The problem:
Copy exactly the lines from the line holding "Women's Sandals Size" through the end of the material, and no others; pictures stay out.

*** Dataset extract ***

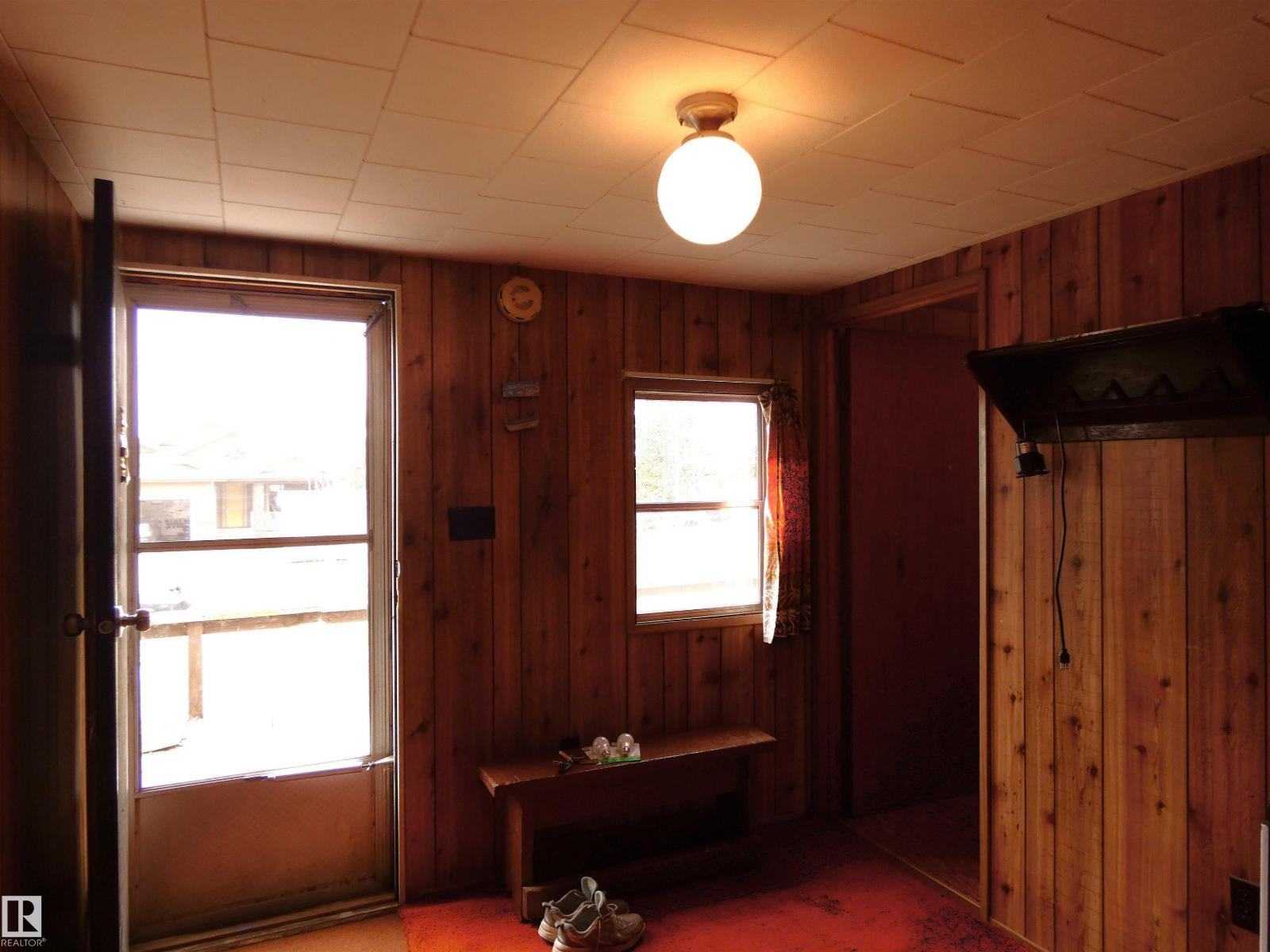 706 Meadow Av, Rural Barrhead County, Alberta T0E 1A0 - Photo 5 - E4487555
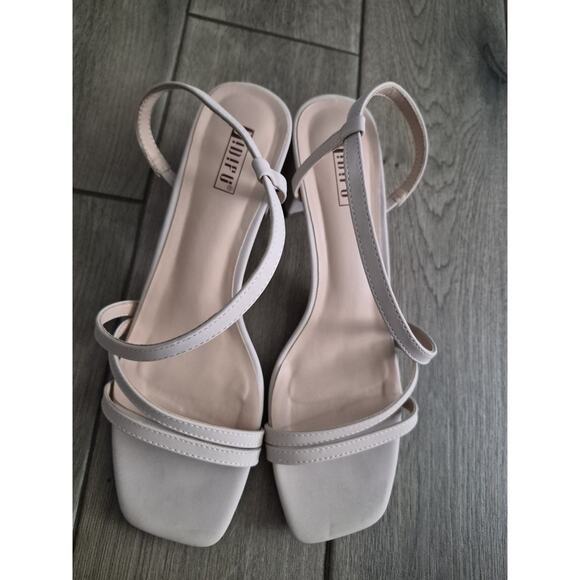 Women's Sandals Size 10 perfect condition worn twice - Picture 1 of 3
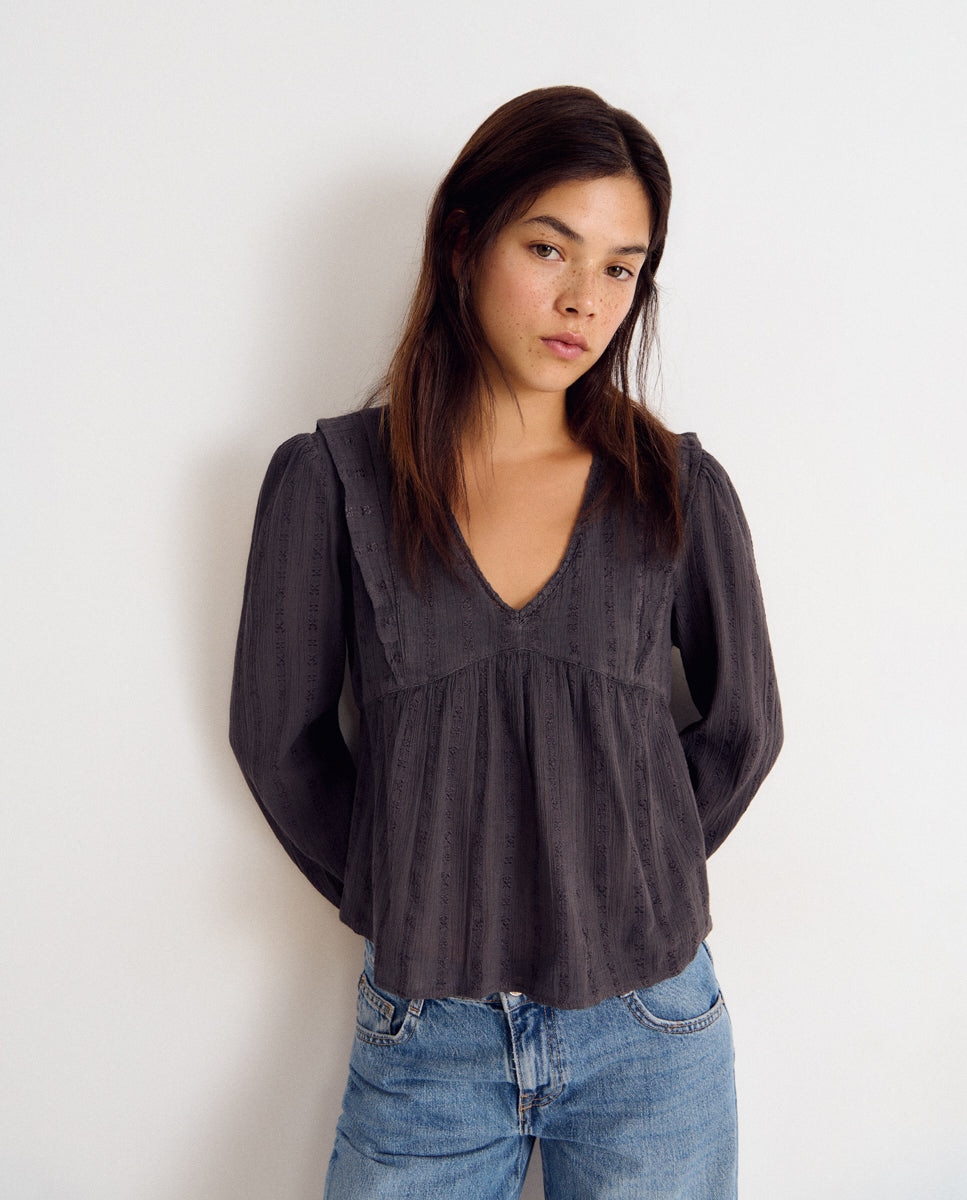 Imagem 0 de Blusa de Gola em V com Bordados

*** End of Dataset extract ***

Result for this exercise:
 Women's Sandals Size 10 perfect condition worn twice - Picture 1 of 3
 Imagem 0 de Blusa de Gola em V com Bordados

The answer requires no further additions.